Ameaça de impeachment forçou saída de general; sucessão divide governo civil

Sem respaldo dos quartéis e apoio popular, situação do principal aliado regional dos EUA no pós-11 de Setembro tornou-se insustentável


Emilio Morenatti/Associated Press
Musharraf saúda guarda ao deixar a residência presidencial

DA REDAÇÃO

O general reformado Pervez Musharraf renunciou ontem à Presidência do Paquistão, acossado pela ameaça de impeachment após nove anos no cargo. A saída do líder paquistanês -que governou como ditador até o início deste ano, mas que desde então assistia à erosão de seus poderes- foi festejada por opositores de todo o espectro político e provocou alta das Bolsas de Karachi e Lahore.
Forjada na oposição a Musharraf, a coalização governista precisa agora equilibrar divergências internas e apontar o novo presidente.
O líder do Senado, Mohammad Soomro, assumiu interinamente o cargo. O novo presidente deve ser eleito em até 30 dias pelo Colégio Eleitoral, formado pelo Senado, pela Assembléia Nacional e pelas Câmaras das quatro Províncias.
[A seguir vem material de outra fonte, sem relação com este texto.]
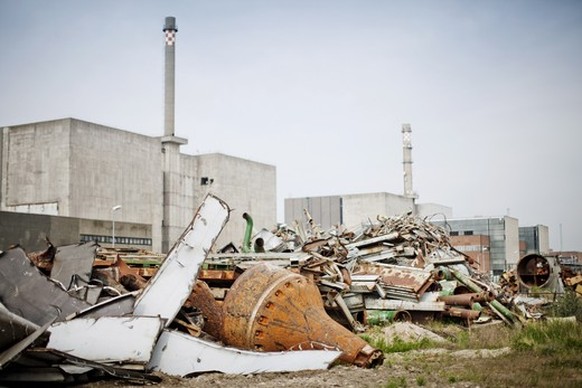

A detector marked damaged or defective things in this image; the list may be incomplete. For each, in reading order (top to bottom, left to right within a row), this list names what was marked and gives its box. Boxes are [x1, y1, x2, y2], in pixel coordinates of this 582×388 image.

rusted drum [221, 262, 386, 368]
corroded pipe [221, 262, 386, 368] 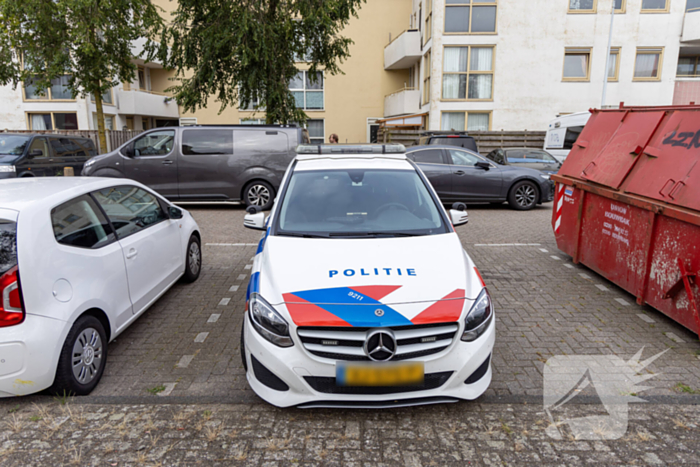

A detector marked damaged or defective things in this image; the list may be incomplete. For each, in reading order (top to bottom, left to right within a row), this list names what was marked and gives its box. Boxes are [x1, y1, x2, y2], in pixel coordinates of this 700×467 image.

rusty metal container [552, 104, 700, 338] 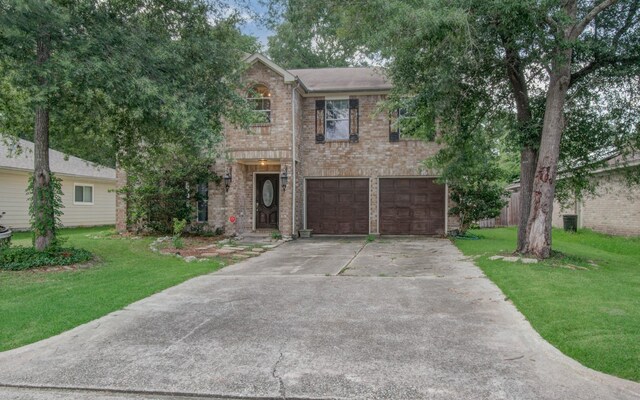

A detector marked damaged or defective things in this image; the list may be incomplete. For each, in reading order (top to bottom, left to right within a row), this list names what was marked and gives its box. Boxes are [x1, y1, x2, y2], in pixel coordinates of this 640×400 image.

driveway crack [272, 340, 288, 400] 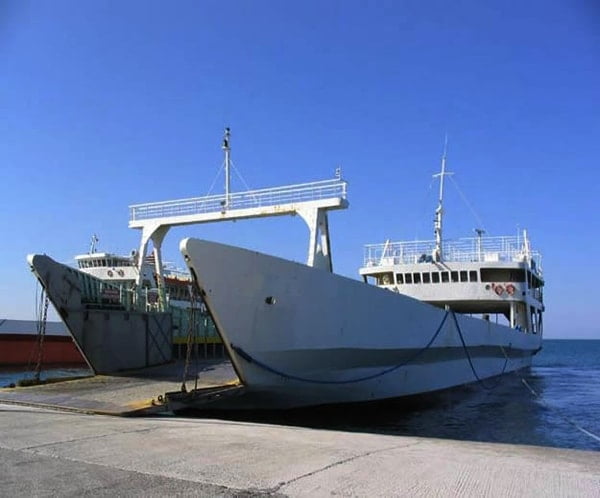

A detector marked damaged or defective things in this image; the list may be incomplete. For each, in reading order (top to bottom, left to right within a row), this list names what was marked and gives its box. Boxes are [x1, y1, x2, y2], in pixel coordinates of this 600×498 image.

pavement crack [20, 424, 157, 452]
pavement crack [272, 440, 422, 494] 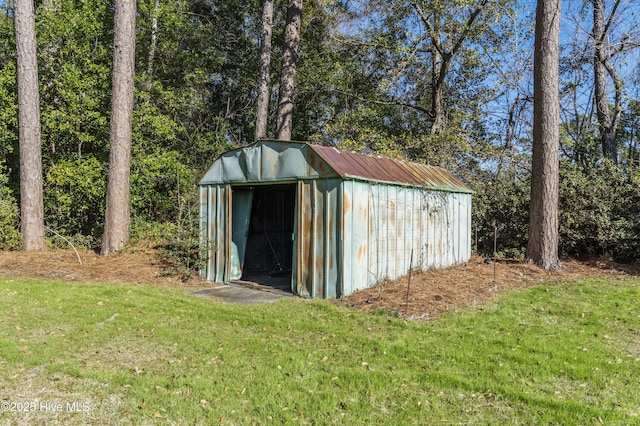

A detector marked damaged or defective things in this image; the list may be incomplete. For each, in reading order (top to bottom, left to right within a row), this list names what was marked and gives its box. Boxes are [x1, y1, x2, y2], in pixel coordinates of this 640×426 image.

rusty metal shed [200, 141, 476, 300] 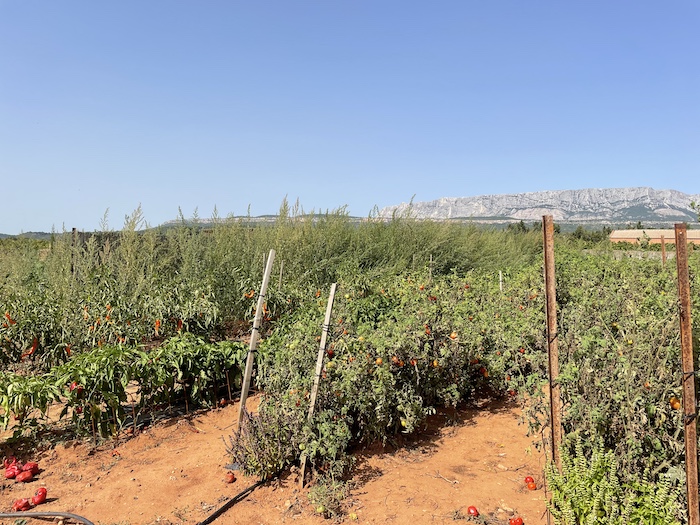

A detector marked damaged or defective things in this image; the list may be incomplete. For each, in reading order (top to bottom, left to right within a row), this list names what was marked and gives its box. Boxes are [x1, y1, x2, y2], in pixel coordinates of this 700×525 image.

rusty metal post [544, 215, 560, 468]
rusty metal post [672, 223, 700, 524] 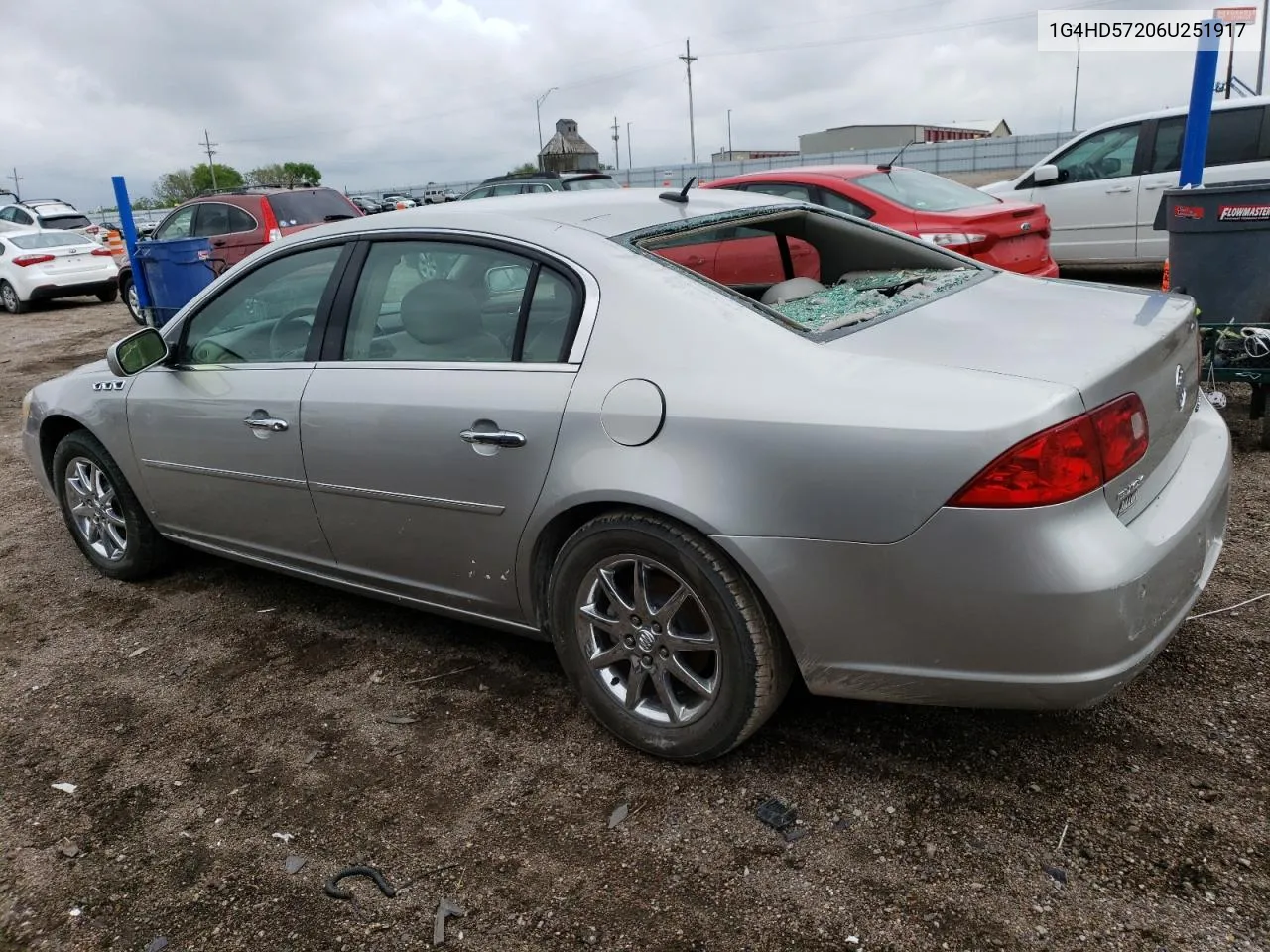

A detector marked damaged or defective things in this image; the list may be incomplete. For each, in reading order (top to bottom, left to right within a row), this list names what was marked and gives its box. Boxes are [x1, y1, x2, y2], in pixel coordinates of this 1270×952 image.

shattered rear window [767, 269, 975, 334] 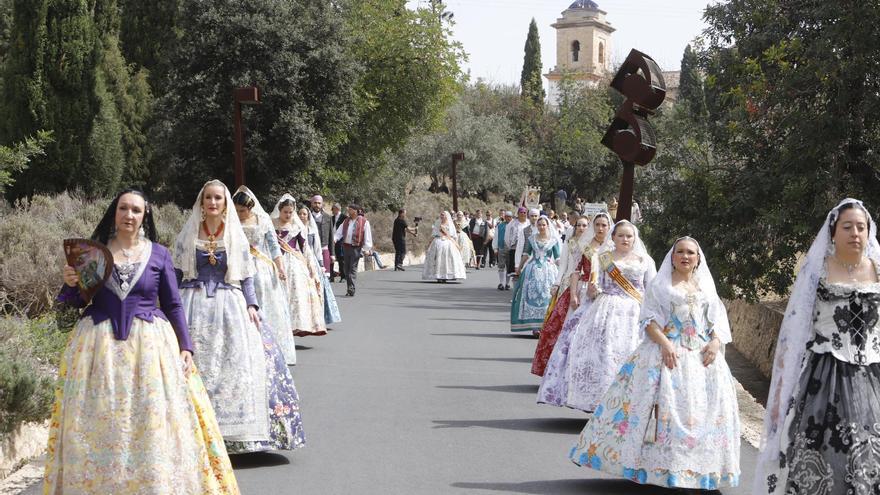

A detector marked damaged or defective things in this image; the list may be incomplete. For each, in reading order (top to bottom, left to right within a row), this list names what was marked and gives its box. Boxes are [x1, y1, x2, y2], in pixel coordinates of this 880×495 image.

rusted metal post [232, 87, 260, 188] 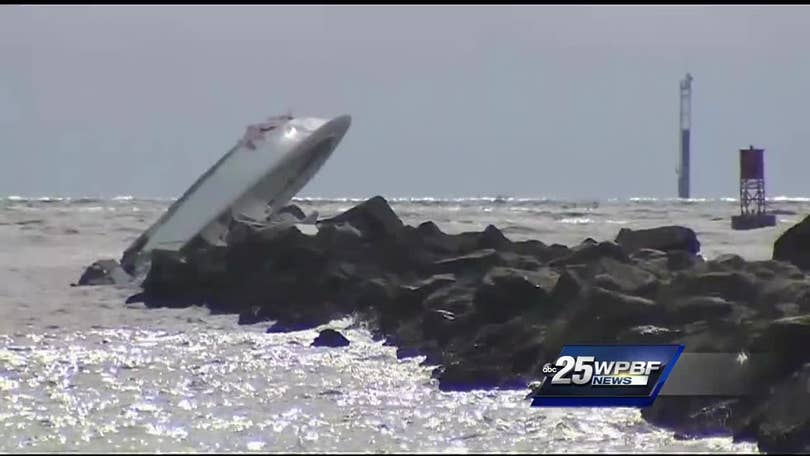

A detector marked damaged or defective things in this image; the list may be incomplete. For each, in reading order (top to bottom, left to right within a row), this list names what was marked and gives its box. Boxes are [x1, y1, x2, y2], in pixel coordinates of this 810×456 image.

damaged vessel [120, 113, 350, 274] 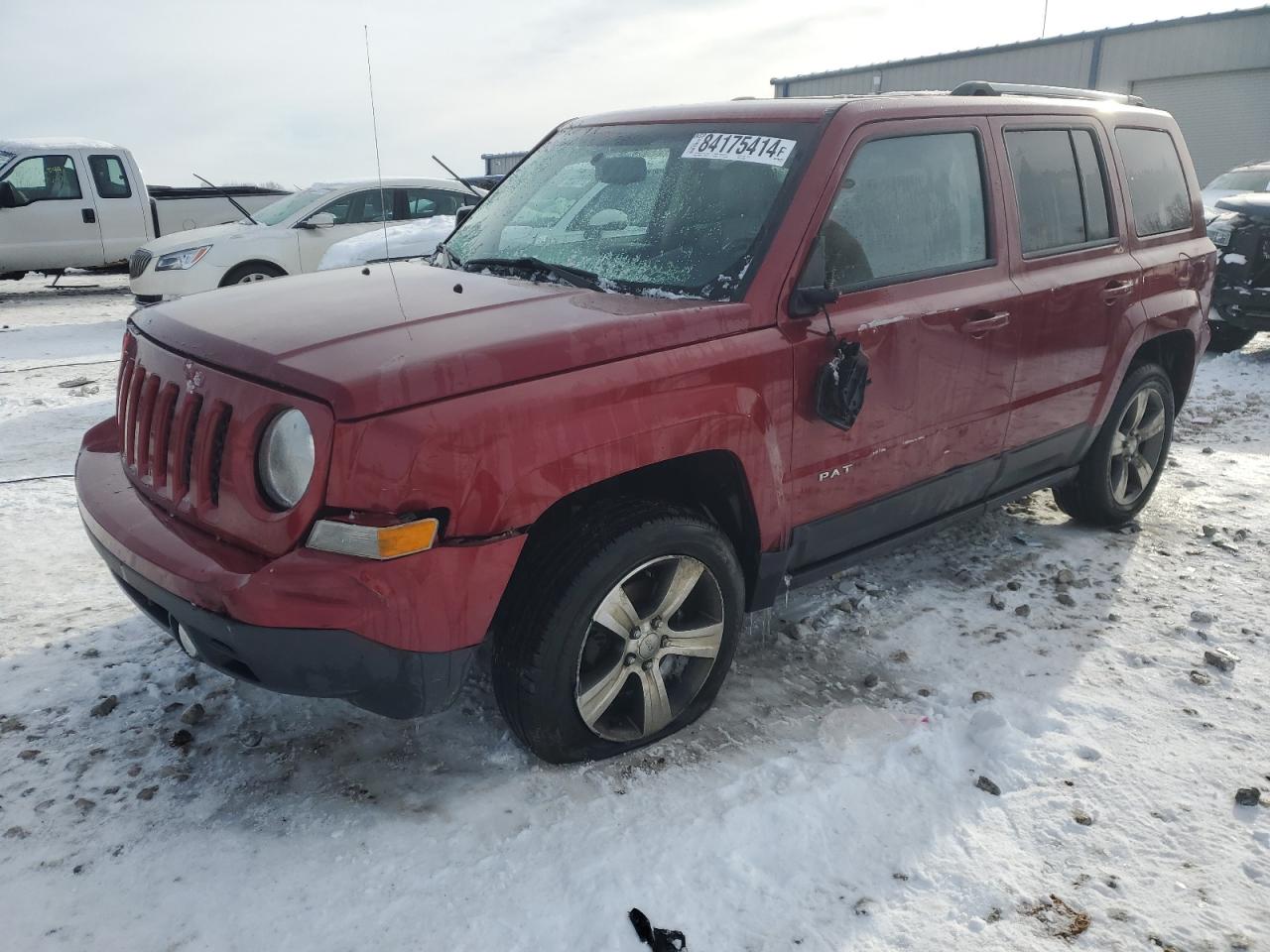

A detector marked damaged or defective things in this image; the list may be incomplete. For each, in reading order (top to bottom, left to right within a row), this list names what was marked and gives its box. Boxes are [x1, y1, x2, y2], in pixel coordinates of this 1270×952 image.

damaged door handle [960, 311, 1012, 337] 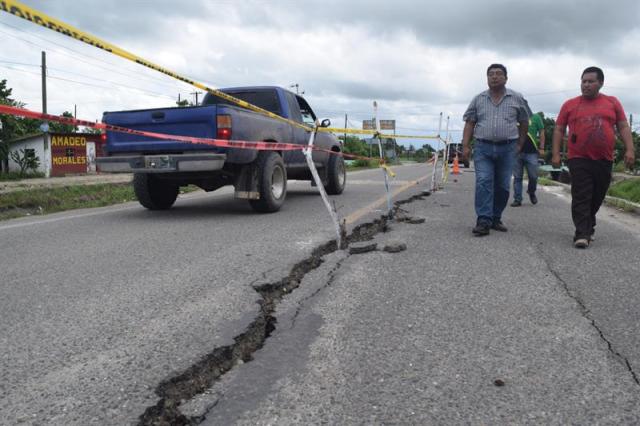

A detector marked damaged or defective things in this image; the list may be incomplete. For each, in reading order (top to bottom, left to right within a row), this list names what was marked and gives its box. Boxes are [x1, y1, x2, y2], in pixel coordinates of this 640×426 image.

large crack in road [138, 194, 428, 426]
cracked asphalt road [1, 162, 640, 422] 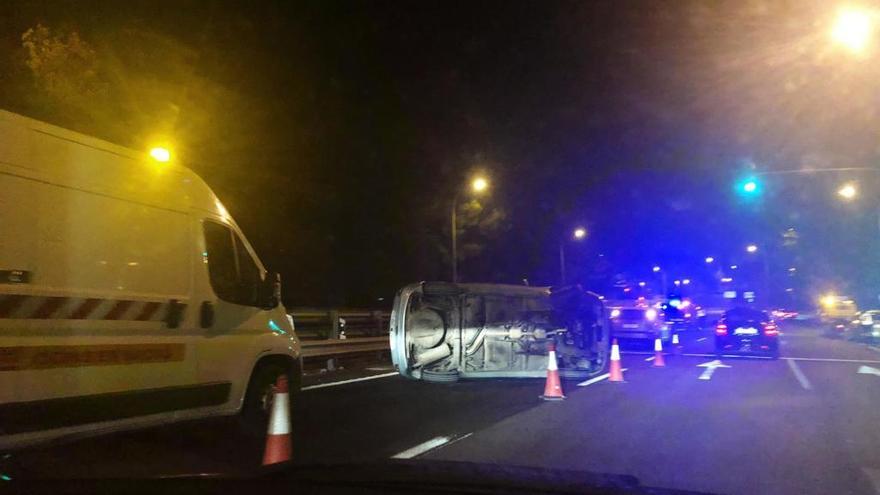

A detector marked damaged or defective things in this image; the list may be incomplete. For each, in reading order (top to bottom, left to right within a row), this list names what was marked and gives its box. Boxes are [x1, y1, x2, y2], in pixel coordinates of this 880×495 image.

overturned vehicle [392, 282, 612, 384] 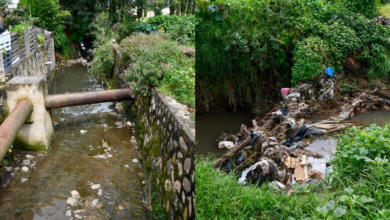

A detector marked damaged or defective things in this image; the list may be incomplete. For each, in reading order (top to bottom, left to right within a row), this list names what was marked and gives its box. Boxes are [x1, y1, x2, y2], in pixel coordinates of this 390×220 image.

rusty pipe [45, 87, 132, 108]
rusty pipe [0, 99, 32, 162] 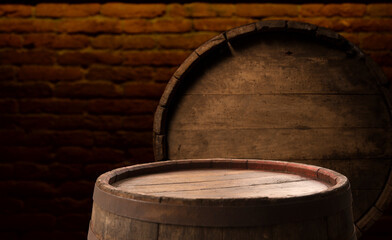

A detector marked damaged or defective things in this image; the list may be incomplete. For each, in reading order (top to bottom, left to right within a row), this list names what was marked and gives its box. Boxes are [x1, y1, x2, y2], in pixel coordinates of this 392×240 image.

rusty metal band [92, 186, 352, 227] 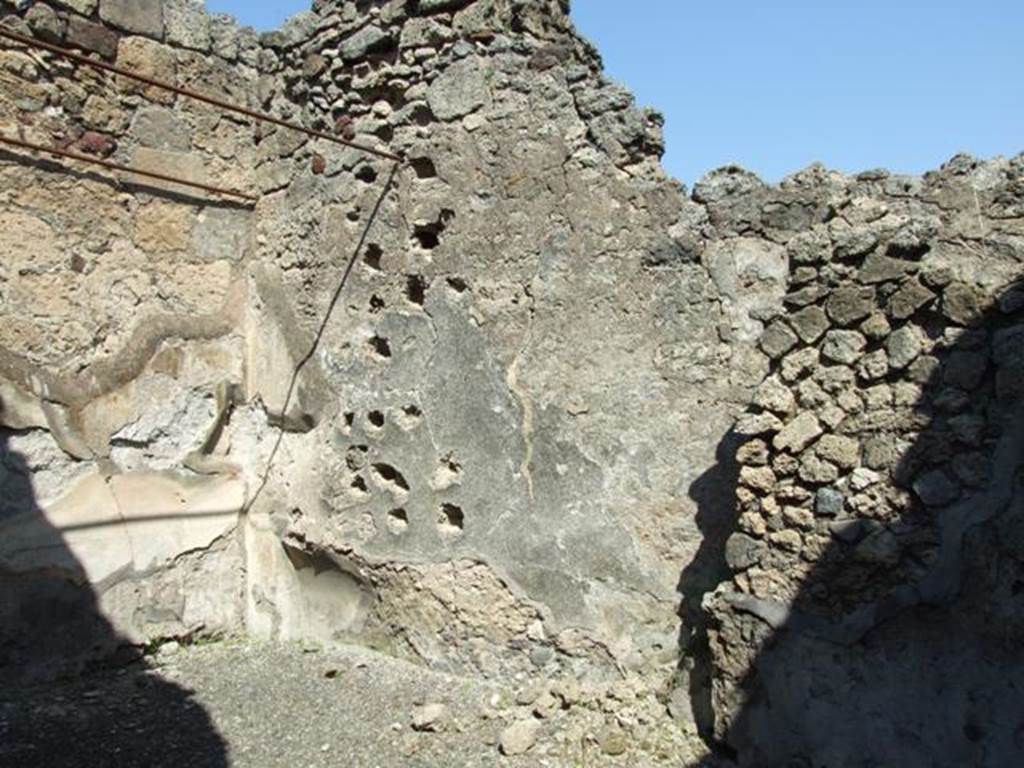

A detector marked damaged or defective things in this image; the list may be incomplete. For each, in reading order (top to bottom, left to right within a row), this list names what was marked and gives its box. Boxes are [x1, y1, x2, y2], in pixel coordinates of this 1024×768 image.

rusted metal rod [0, 26, 404, 164]
rusted metal rod [0, 133, 256, 202] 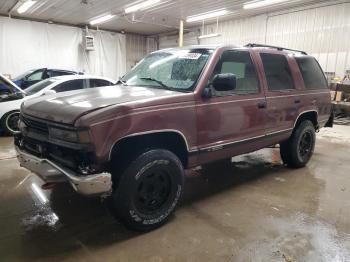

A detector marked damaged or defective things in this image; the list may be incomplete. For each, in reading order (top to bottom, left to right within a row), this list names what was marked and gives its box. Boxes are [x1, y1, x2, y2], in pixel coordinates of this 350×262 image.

damaged front bumper [15, 146, 111, 195] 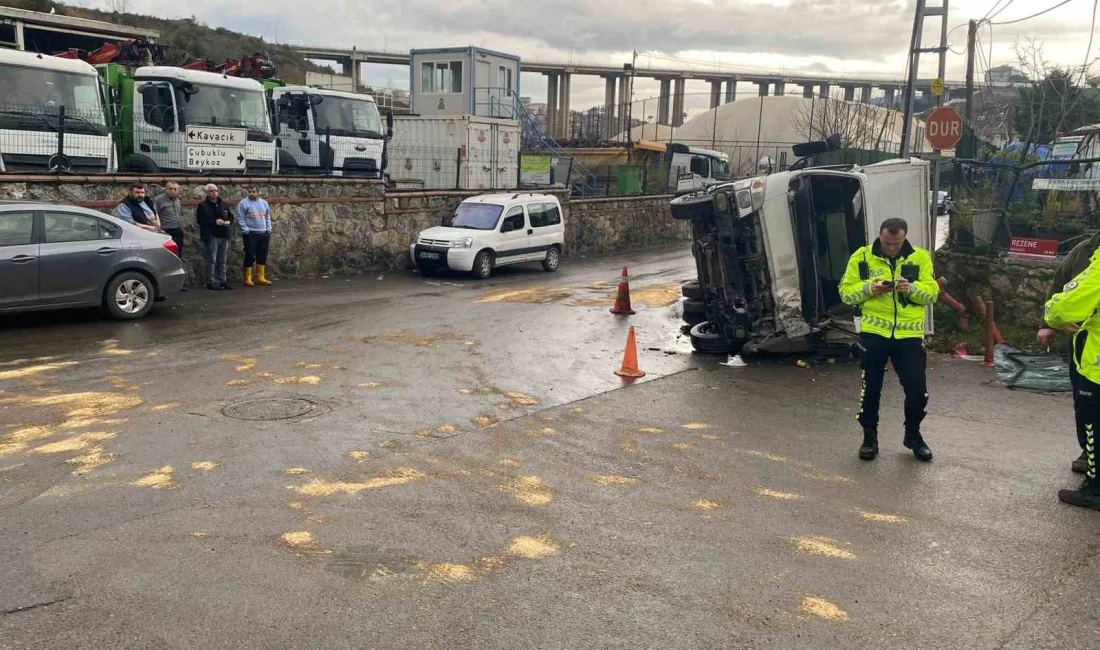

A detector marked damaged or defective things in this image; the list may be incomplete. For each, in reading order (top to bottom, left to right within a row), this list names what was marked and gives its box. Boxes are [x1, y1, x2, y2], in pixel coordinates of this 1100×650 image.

overturned white truck [673, 138, 932, 358]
A escolha acirra tensões latentes no governo, liderado pelo PPP (Partido do Povo Paquistanês).
A disputa opõe Asif Ali Zardari -viúvo da ex-premiê Benazir Bhutto e co-presidente do PPP- a Nawaz Sharif, do PLM-N (Partido da Liga Muçulmana - facção Nawaz), deposto por Musharraf em 1999. A Presidência, que tem a prerrogativa de dissolver a Assembléia e é responsável por nomear o comandante das Forças Armadas, é estratégica para os partidos, rivais históricos. A superação do impasse pode envolver a reformulação do cargo, com redução de funções.
Enfraquecido pelo isolamento político, Musharraf despediu-se dos paquistaneses com um discurso de uma hora pela TV. Defendeu seu legado e afirmou que deixava o cargo por colocar o interesse do país acima de "bravatas pessoais". "[Os governistas] não percebem que, mesmo que tenham sucesso contra mim, o país sofrerá danos irreparáveis", disse, em trajes civis, o general, que concluiu sua fala com um emocionado "viva o Paquistão!".
Musharraf deixa um país menos pobre, que, sob seu governo, superou a crise de 1999 e manteve uma média de crescimento acima dos 5%. Os indicadores econômicos atuais são, porém, alarmantes. A inflação passa dos 20% ao ano, e a previsão de déficit em conta corrente beira 8% do PIB, um recorde histórico. O país enfrenta apagões energéticos, e a alta do petróleo e dos alimentos deixa entrever perspectivas sombrias.

Derrocada
Principal aliado regional dos EUA na guerra contra o terror desde o 11 de Setembro, o ditador viu seu governo ruir em 2007, com o recrudescimento do terrorismo e a crescente oposição democrática. Vitorioso no plebiscito de 2002, o governo perdeu o verniz de legalidade em setembro de 2007, quando Musharraf decretou estado de sítio, suspendeu a Constituição e cassou os juízes da Corte Suprema que contestavam a validade de sua eleição.
Musharraf deixou o Exército e, nos trajes civis exigidos pela Constituição, fez-se eleger presidente pelo Colégio Eleitoral, antes de convocar as eleições gerais deste ano. Mas a habilidade política que lhe permitiu controlar a abertura democrática sucumbiu à esmagadora derrota no pleito de fevereiro.
Mesmo o crucial apoio dos quartéis se esvaiu nos últimos meses. O general Ashfaq Pervaiz Kayani, escolhido por Musharraf para sucedê-lo à frente das Forças Armadas, não falou sobre o impeachment.
"Não há hoje condições políticas para apoiar Musharraf", disse o cientista político Rasul Bakhsh Rais, da Universidade de Administração de Lahore, por telefone à Folha. "A agenda de mudança que elegeu o governo civil é incompatível com sua permanência."
Rais afirma que a eleição do presidente dependerá das negociações na coalizão governista. "O vencedor será o processo democrático", diz o analista, que rejeita o suposto favoritismo de Zardari, e crê que um político de perfil mais conciliador seja escolhido. A indicação de alguém fora do cúpula partidária pode mitigar as disputas.
Conhecido como "Mr. 10%", Zardari cumpriu pena de sete anos por corrupção após o segundo governo da mulher, dissolvido em 1996. Com a morte de Benazir, o filho do casal, Bilawal, 19, assumiu simbolicamente a presidência do PPP.
Enquanto o rapaz conclui os estudos em Oxford, o pai exerce o cargo. Ao desembarcar ontem em Karachi, onde participou de reunião do governo, Bilawal disse que o próximo presidente, ainda indefinido, será do PPP.